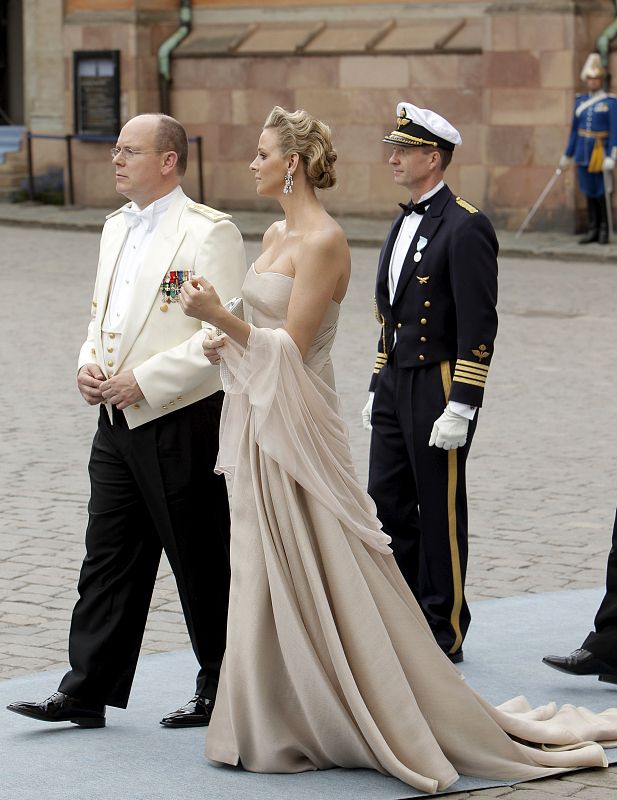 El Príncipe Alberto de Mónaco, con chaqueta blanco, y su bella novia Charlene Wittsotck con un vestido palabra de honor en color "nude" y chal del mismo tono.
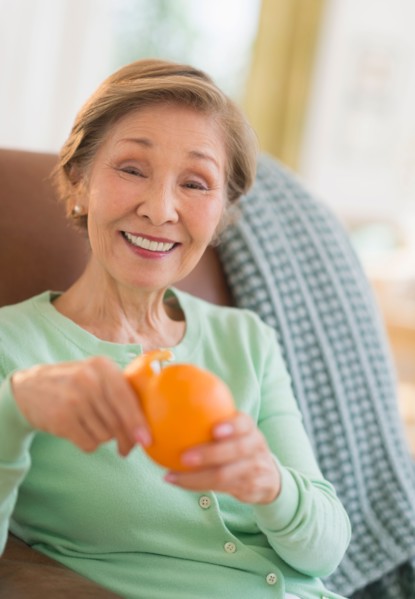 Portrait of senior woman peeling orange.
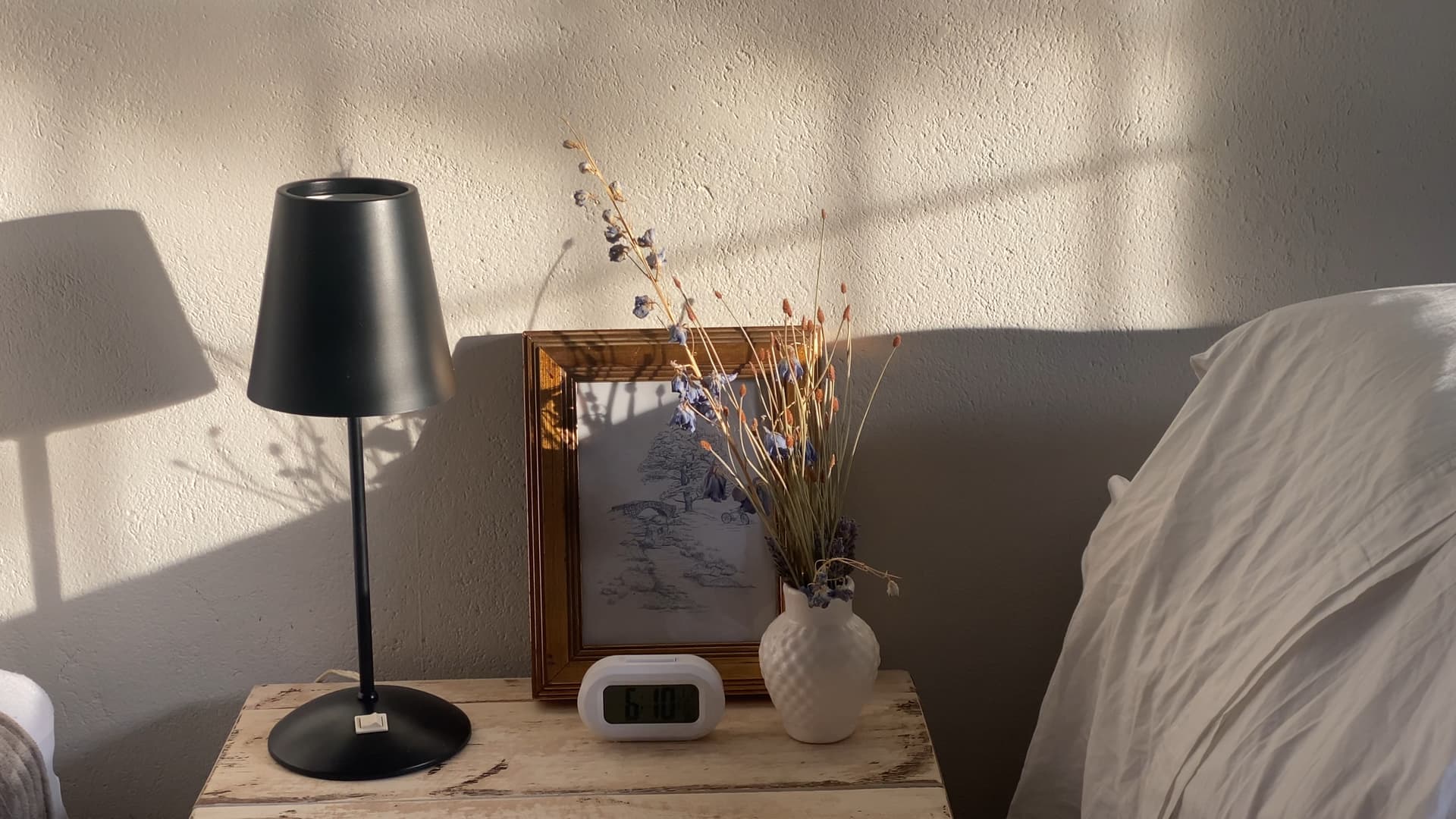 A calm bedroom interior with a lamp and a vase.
—————
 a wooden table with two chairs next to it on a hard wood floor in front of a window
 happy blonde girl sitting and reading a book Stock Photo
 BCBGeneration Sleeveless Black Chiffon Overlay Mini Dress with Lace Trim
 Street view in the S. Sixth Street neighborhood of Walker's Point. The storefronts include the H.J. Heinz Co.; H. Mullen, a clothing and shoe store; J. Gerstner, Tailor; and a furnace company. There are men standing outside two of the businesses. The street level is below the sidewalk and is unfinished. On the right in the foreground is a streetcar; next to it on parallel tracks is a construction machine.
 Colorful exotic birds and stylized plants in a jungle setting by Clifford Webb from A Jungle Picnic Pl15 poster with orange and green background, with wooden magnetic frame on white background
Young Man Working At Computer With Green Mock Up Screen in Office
—————
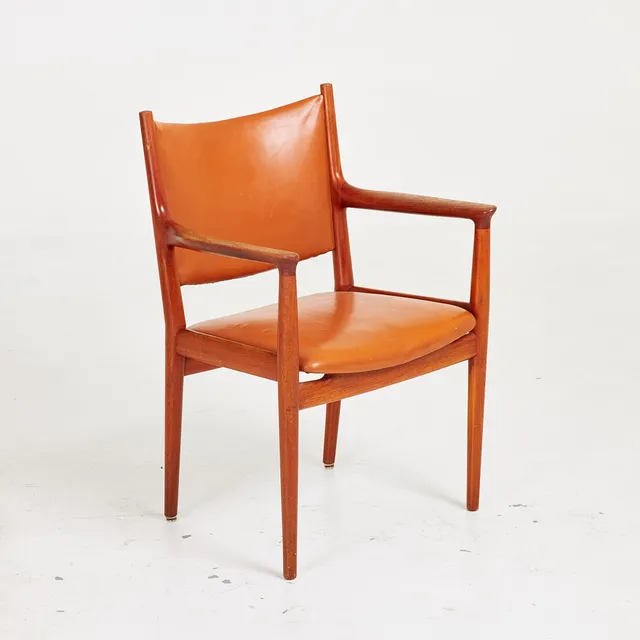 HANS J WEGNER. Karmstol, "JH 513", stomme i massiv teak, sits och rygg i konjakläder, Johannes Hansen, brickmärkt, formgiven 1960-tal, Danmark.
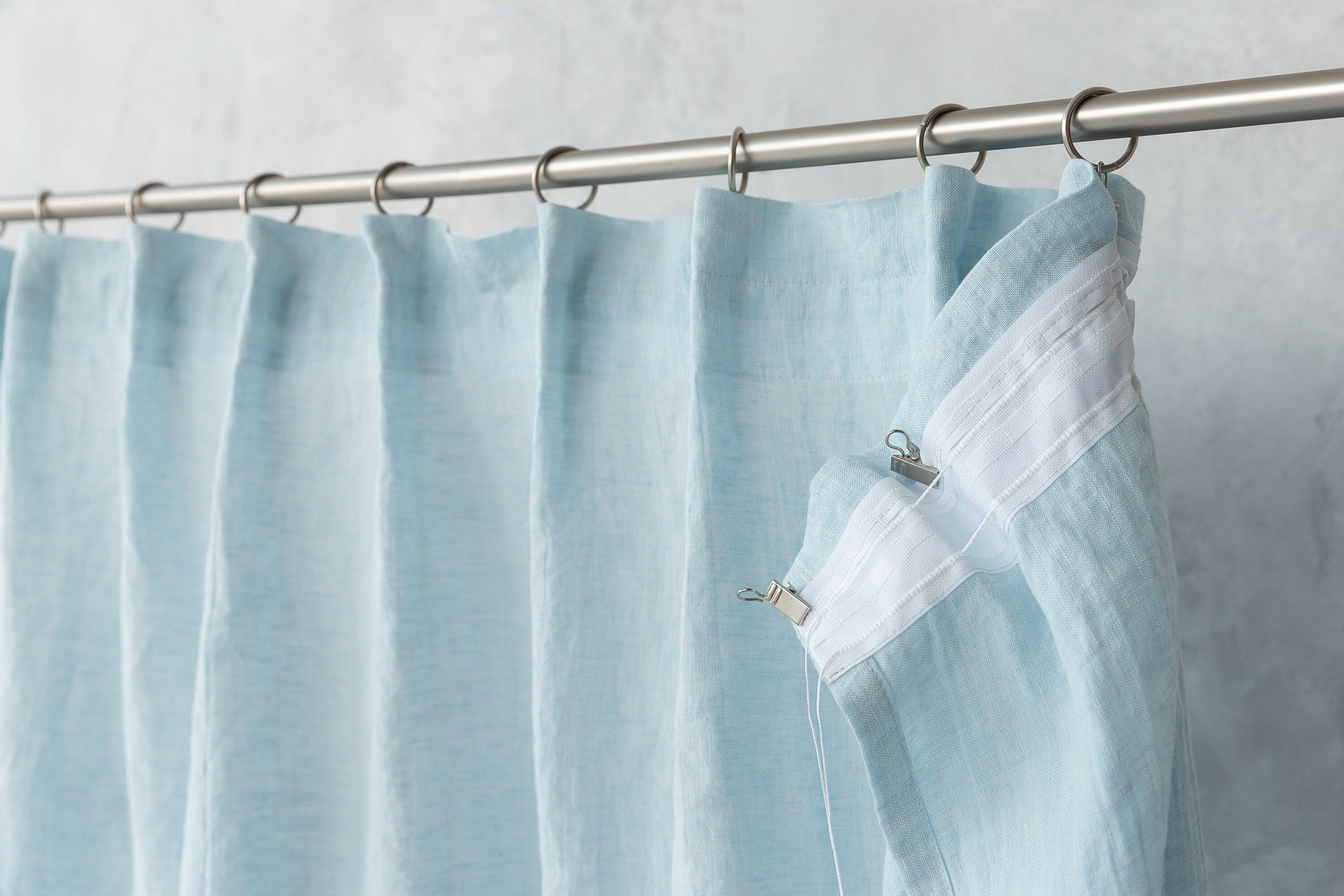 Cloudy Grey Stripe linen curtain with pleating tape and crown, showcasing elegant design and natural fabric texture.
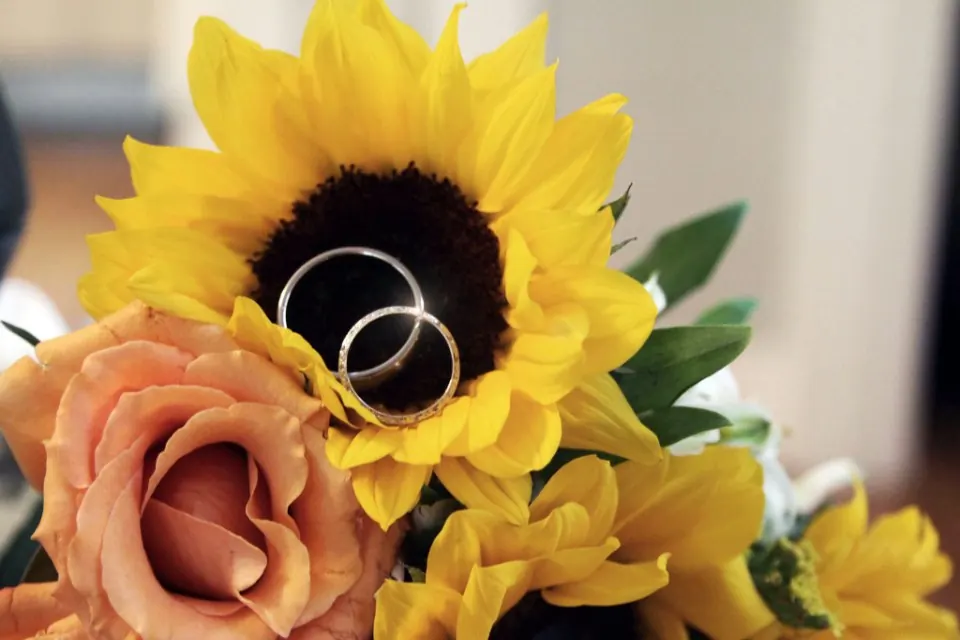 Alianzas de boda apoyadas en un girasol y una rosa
—————
Requirement: Take every line from the data that contains the word "wooden".

Written solution:
 a wooden table with two chairs next to it on a hard wood floor in front of a window
 Colorful exotic birds and stylized plants in a jungle setting by Clifford Webb from A Jungle Picnic Pl15 poster with orange and green background, with wooden magnetic frame on white background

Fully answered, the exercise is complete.